Jornal do Brasil

Quarta-feira, 26 de Novembro de 2014

Ciência e Tecnologia

ONGs que apresentam soluções para problemas sociais recebem prêmios do Google

Agência Brasil

A companhia Google Brasil premiou hoje (8) dez Organizações Não Governamentais (ONGs) que apresentaram projetos que usam a tecnologia para solucionar problemas na sociedade. Os premiados foram finalistas do concurso Desafio de Impacto Social, lançado em fevereiro, que contou com um total de 751 inscritos. Ao todo, os prêmios somaram R$ 7 milhões.

Quatro projetos foram vencedores do concurso. Um deles foi escolhido por meio de voto popular e três por um corpo de jurados. Cada um desses recebeu R$ 1 milhão. Pouco antes de anunciar os ganhadores, a diretoria do Google decidiu ampliar o valor da premiação, contemplando também outros seis finalistas com a oferta de R$ 500 mil para cada.

Pelo voto popular foi eleito o Instituto da Mulher Negra Gedelés, que atua em parceria a ONG Themies, do Rio Grande do Sul, no combate à violência contra as mulheres que estão sob proteção judicial.

Outro vencedor foi o Instituto Zero a Seis, formado por um grupo multidisciplinar que conta com médicos, advogados, psicólogos e comunicadores. A entidade inscreveu o projeto SMS Bebê, que auxilia mães ou responsáveis por crianças com idade até seis anos de idade, transmitindo mensagens por smartphones com informações sobre cuidados essenciais que devem ser oferecidos às crianças.

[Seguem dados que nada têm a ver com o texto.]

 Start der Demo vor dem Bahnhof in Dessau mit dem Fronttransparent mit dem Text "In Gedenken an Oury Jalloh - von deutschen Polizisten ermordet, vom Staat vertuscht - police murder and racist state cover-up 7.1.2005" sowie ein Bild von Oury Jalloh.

Representando a ONG, o médico do Hospital das Clínicas de São Paulo, João Figueiró, justificou que todos os anos nascem cerca de três milhões de bebês no país sujeitos a doenças, desnutrição e acidentes domésticos, entre outras situações que poderiam ser evitadas. Exemplificando os problemas, ele afirmou que o traumatismo cranioencefálico é a causa mais frequente de morte das crianças com menos de três anos. “Uma simples sacudida [na criança] pode levar a um rompimento dos neurônios”, complementou.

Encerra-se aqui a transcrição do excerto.